You can perhaps tell the difference simply by comparing the posters for the two movies. The one here appears more interested in putting Stone’s cleavage front and centre: I note the kid did not stay in this picture. Indeed, on its own merits, this would have been a fairly marginal entry for the site, since it’s closer to a thriller-drama than an action movie. It does possess some effective enough moments, though some of these are cribbed wholesale from the original. This is not as terrible a remake as its reputation indicates: the core concept is too strong for that. Yet any purpose to it remains obscure at best, and entirely missing at worst.

Dir: Sidney Lumet
Star: Sharon Stone, Jean-Luke Figueroa, Jeremy Northam, George C. Scott

Black Medicine

★★★
“The Hypocritic oath…”

I guess, at its heart, this is the story of two mothers. There’s Jo (Campbell-Hughes), an anaesthetist who has been struck off the medical register, for reasons that are left murky. She’s now practicing her healing arts on the underground market, from patching up dubious stabbing victims, to carrying out unlicensed abortions. Jo lost her daughter to meningitis, and has split from her husband. Then there’s Bernadette (Brady), a wealthy but no less murky character. Her daughter is dying, and in desperate need of a transplant. To that end, Bernadette has kidnapped a young woman, Aine (McNulty), with the intention of using her as an unwilling organ donor, and needs Jo’s help for the operation. But when Aine – who would be about the age of Jo’s daughter had she lived – escapes and hides in the back of the physician’s car, Jo is left with a series of difficult decisions.

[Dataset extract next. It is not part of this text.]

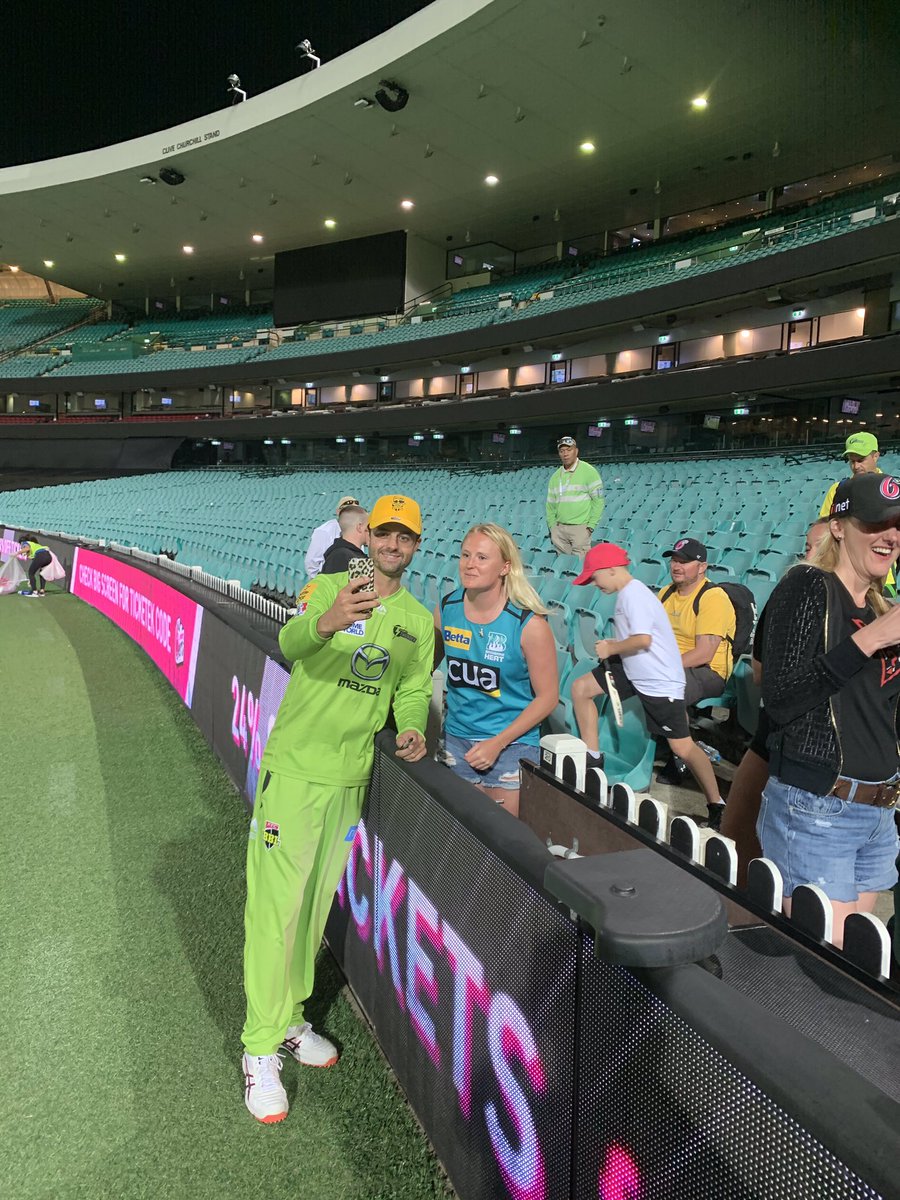 Midnight at the SCG... ✍️🤳💚 #ThunderNation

Set in Northern Ireland, this is solid rather than spectacular. It has a good central performance at its core by Campbell-Hughes, who plays a complex and contradictory character. For example, Jo has a major drug-habit, yet remains highly functioning. [I’d never seen someone administer illicit pharmaceuticals through eye-drops before. Chris, apparently, was aware of this: I bow to her superior knowledge of such things, likely stemming from her life in eighties New York!] You sense the point that what she is being asked, and eventually ordered, to do has crossed a moral line in the sand, even if her recalcitrance is going to cause more problems. That’s because Bernadette is prepared to do whatever it takes to save her own daughter – something Jo was unable to do.

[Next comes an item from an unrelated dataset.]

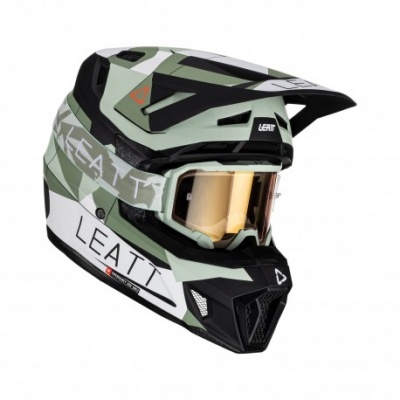 Capacete motocross integral verde, branco e preto com óculos de lentes douradas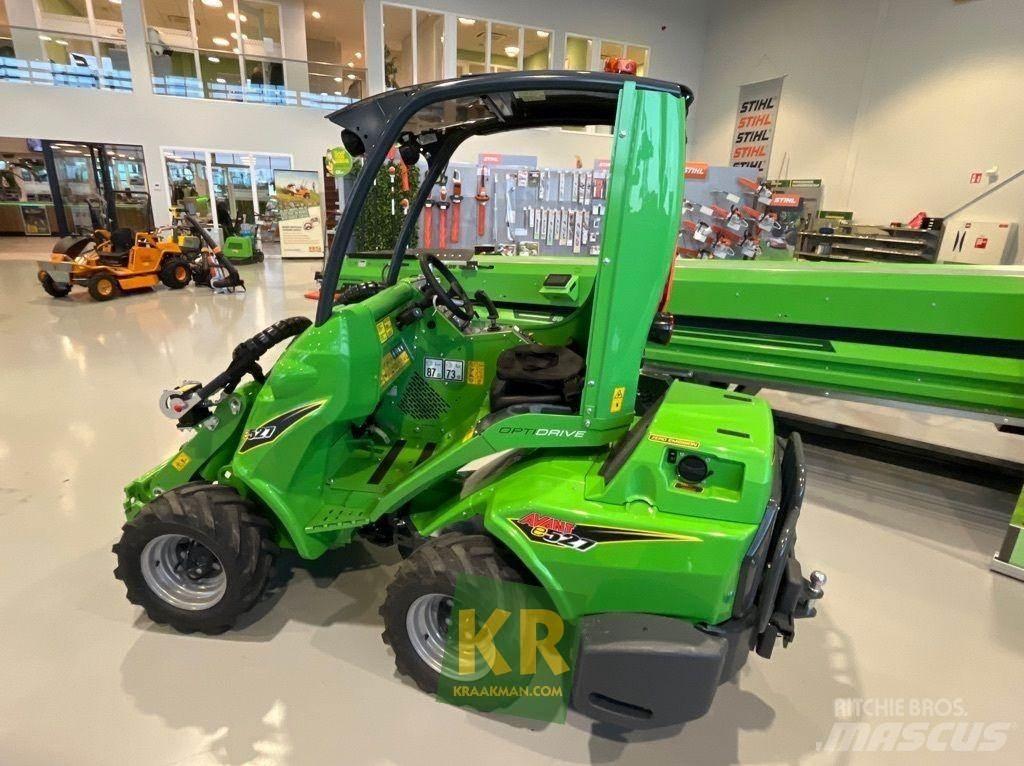 Avant E5 Front loaders and diggers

It’s the contract and similarities between the two women which keep the film interesting, both being utterly convinced their actions are morally justified, although the film-makers’ sympathies are clearly more with Jo. Less effective is the plotting, which feels far from watertight. Perhaps the biggest hole is the way in which Bernadette discovers Aine’s location, after the latter places a call to her boyfriend from Jo’s landline. Aside from being very stupid on Aine’s part, and not in line with the street-smart character to that point, I’m not sure I even know anyone who has a landline. Except for my father, and he’s 85. Jo’s ex-husband seems to exist purely to give Bernadette some kind of leverage, and generally, there are a number of unanswered questions whose answers I feel would have benefited the narrative.

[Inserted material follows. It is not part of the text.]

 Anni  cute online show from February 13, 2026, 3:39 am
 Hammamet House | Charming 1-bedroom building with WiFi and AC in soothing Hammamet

Eastwood, making his feature debut, does have a nice style, depicting Belfast almost entirely at night, in a moist, neon-drenched way that lends it a certain exotic flavour. This would make an interesting double-bill with the similarly Irish-set A Good Woman is Hard to Find, which is also about a woman forced into an unwanted confrontation with the criminal world, by the sudden arrival in her life of an unexpected visitor. This isn’t quite as compelling, lacking the relentless sense of escalation, yet did still keep me engaged for the bulk of the running time, and offers an original scenario with effort put into developing both its heroine and the villainess.

Dir: Colum Eastwood
Star: Antonia Campbell-Hughes, Amybeth McNulty, Orla Brady, Shashi Rami

Shut In

★★
“Woman who talks through doors”

After Run Hide Fight, this is another film produced by political outlet The Daily Wire. This inevitably leads to reviews which are as much concerned with the leanings of the production company, which is annoying, albeit understandable. If the Huffington Post got into the movie business, I imagine the same thing would happen. But it also ignores the fact that you would have to look hard here, to find much indication of a political agenda. A considerably bigger issue is that it’s quite dull, with a heroine who spends much of the time living up to her apparent Native American name given above. Certainly, I hoped for more from this synopsis: “When a young mother is barricaded inside a pantry by her violent ex-boyfriend, she must use ingenuity to protect her two small children from escalating danger while finding an escape.”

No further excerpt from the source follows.